We’ve watched two movies in the past two days. This is pretty unusual for us, but subscribing to Netflix and using their instant play feature makes watching movies pretty easy! I love our new setup. Lee bought a Mac mini-computer and hooked it up directly to our television. We can use it both as a DVD player and to watch things on the internet through our TV AND to watch our Slingbox! We actually used our Slingbox yesterday too – to watch the Cardinals play the Royals, since of course that game wasn’t carried in Texas. We’re really going to end up using the Slingbox a lot to watch Mizzou sports come this fall. It wasn’t too bad either…the picture is kind of blurry, but when you think of the technology involved its fairly mind-boggling. I’m sure we’re right at the beginning of this latest tech-twist. TV over the internet is the next big thing…
ANYWAY, back to the movies! As luck would have it, these movies turned out to be the antithesis of each other. Not in quality, they were both very good in their own ways. Not in style either, although they were both very different. But in the ethical and moral treatment of relationships, well they couldn’t have been farther apart.

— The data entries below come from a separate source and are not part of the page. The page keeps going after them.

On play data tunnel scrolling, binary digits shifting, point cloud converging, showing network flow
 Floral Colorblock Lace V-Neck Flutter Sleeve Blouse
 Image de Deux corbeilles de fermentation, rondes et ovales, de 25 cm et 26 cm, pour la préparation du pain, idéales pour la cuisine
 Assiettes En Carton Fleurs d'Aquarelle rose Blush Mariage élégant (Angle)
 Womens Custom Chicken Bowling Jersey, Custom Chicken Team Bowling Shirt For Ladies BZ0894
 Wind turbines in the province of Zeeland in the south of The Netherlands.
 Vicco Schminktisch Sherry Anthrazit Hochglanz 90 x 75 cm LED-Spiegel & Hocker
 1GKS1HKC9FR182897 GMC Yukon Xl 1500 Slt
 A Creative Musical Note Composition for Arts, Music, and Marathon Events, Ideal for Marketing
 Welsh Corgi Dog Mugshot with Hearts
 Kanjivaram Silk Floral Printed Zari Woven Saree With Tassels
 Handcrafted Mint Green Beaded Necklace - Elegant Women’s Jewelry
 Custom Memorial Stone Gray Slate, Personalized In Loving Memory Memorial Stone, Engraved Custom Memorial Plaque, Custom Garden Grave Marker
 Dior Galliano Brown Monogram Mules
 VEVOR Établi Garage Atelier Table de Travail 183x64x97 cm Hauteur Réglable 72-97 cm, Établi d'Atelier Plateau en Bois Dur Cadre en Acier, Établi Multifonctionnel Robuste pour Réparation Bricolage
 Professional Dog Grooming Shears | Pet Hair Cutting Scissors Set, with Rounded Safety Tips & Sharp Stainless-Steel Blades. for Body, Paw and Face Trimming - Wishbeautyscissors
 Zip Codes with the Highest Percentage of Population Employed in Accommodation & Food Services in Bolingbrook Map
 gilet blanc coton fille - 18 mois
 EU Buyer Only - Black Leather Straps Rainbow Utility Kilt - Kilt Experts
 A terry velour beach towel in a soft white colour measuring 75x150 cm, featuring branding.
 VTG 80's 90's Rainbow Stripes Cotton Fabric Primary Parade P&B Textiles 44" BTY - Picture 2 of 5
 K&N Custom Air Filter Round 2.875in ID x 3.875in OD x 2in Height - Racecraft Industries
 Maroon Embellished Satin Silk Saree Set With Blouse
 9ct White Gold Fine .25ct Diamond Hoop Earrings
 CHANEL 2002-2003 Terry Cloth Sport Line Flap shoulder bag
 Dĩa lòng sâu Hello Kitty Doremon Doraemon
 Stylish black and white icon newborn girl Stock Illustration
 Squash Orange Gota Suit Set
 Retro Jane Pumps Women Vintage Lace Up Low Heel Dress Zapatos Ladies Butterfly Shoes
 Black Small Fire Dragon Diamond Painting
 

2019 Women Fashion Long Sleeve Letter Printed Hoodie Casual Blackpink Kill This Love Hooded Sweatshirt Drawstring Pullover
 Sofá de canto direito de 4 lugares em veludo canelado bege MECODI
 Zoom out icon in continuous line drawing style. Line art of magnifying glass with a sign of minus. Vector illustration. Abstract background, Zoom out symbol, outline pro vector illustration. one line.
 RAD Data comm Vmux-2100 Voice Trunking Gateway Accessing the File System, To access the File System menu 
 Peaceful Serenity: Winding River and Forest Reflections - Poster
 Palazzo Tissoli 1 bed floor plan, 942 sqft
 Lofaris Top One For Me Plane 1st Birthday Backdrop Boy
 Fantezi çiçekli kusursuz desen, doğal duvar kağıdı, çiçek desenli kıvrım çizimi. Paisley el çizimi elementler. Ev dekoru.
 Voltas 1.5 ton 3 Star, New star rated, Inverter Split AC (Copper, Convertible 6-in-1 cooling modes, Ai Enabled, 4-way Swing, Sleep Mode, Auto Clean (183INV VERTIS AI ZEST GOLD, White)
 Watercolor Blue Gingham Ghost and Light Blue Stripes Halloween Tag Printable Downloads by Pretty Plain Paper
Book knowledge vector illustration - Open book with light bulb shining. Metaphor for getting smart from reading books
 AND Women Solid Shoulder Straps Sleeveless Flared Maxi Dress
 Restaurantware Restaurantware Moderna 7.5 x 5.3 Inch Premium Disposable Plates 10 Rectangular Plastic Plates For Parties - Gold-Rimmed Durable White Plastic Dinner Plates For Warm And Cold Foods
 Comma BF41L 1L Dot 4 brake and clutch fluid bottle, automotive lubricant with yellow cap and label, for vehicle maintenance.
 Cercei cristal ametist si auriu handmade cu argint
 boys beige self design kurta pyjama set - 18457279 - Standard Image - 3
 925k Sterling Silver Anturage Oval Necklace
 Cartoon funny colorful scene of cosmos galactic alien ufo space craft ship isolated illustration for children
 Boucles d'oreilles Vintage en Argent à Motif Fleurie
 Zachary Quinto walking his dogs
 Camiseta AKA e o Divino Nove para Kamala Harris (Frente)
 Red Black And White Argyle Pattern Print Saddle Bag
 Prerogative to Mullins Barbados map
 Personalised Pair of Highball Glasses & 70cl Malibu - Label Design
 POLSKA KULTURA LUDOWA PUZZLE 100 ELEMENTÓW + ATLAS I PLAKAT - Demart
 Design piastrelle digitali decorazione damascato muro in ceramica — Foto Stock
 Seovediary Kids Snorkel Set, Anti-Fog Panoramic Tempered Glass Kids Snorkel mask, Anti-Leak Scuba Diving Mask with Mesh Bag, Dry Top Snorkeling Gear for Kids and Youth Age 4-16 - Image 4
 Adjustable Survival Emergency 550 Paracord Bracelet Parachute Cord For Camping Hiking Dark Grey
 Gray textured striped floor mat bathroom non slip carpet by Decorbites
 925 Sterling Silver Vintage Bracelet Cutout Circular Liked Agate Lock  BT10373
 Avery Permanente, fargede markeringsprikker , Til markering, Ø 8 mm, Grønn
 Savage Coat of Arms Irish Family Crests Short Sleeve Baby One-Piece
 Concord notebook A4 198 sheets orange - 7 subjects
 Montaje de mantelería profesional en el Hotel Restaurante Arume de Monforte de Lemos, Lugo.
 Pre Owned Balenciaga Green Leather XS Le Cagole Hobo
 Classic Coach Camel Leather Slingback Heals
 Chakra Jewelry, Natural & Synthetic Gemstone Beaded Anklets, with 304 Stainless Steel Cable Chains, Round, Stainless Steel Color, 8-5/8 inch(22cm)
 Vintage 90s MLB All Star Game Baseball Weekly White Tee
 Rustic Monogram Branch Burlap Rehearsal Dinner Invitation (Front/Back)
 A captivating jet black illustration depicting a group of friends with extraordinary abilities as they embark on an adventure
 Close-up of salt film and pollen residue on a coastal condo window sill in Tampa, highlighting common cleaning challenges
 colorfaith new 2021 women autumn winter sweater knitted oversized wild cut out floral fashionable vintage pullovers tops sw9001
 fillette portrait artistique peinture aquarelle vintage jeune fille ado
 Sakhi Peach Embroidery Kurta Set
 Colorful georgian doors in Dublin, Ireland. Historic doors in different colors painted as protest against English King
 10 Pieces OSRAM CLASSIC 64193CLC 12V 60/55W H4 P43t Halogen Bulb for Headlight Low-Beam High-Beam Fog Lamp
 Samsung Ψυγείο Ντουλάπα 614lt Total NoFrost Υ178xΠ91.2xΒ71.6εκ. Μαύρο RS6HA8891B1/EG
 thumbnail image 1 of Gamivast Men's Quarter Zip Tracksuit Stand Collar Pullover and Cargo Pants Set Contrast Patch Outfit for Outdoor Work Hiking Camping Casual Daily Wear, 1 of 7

The first movie we saw was called “Once”. Directed by John Carney and starring two unknowns, Glen Hansard and Marketa Irglova, it’s the story of two musicians in Dublin and what happens when their lives intersect. It’s basically a musical. I thought the music was great; I plan to buy the soundtrack. The story involves this girl from Czechoslovakia and a Dublin man. The man has broken up with his girl friend, but still misses her and has written all these beautiful songs about their relationship. The girl has a husband back in the Czech Republic and her mother and her little girl live with her in Dublin. They end up finding a few more musicians and making a demo CD from the man’s beautiful songs. They really like each other, and are attracted to each other, but they control their passions and end up doing the right thing. The man goes to London to promote the CD and get back together with his girlfriend. The girl talks to her husband and he comes to Dublin where they will try to make their marriage work.
This story was beautifully done, and as Lee said, it was MORE romantic because they didn’t give in to their passions but were responsible to themselves, to each other, and to their families. They actually acted how people usually act, except in the movies! It was refreshing.
To see the second movie after seeing “Once”, was really disturbing. The second movie was called “Damage” and boyoboy was this an appropriate title! The director was Louis Malle, one of my very favorite directors. It starred Jeremy Irons and Juliette Binoche. Everyone in the movie was gorgeous, as was their houses and their cars. Irons plays a member of the British Parliment. Throughout the movie he looks positively depressed and barely clinging to life. Binoche plays a very disturbed young woman. She is haunted by the fact that her brother killed himself because he was in love with her. She and the minister start an affair, and a gruesome little thing it is. Their sex is certainly passionate, but there is also something ugly and depraved about it, even while everything is shot very seductively and beautifully. She becomes engaged to the minister’s son, but that doesn’t slow things down at all. Eventually of course the son finds out, accidently dies in his shock (by falling over a banister), the man’s family and career are destroyed by his unfaithfulness, and the girl goes back to an old boyfriend (God help him).
Although Damage is a very highly rated movie and like everything else by Louis Malle it’s truly beautifully shot, it basically disgusted me. I’m certainly not a prude and I like sexy movies and even strange disturbing movies, but coming on the heels of Once I just had no patience for people acting this badly. The protagonists in this movie were no better than animals, and frankly they got what they deserved.
Of course it was interesting to think about the girl and how she was so self-destructive, and how she managed to wreck such havoc, but then again, although Juliette Binoche is beautiful I found it hard to see what made her into such a home-wrecker. Oh well, I guess she’s just not my type!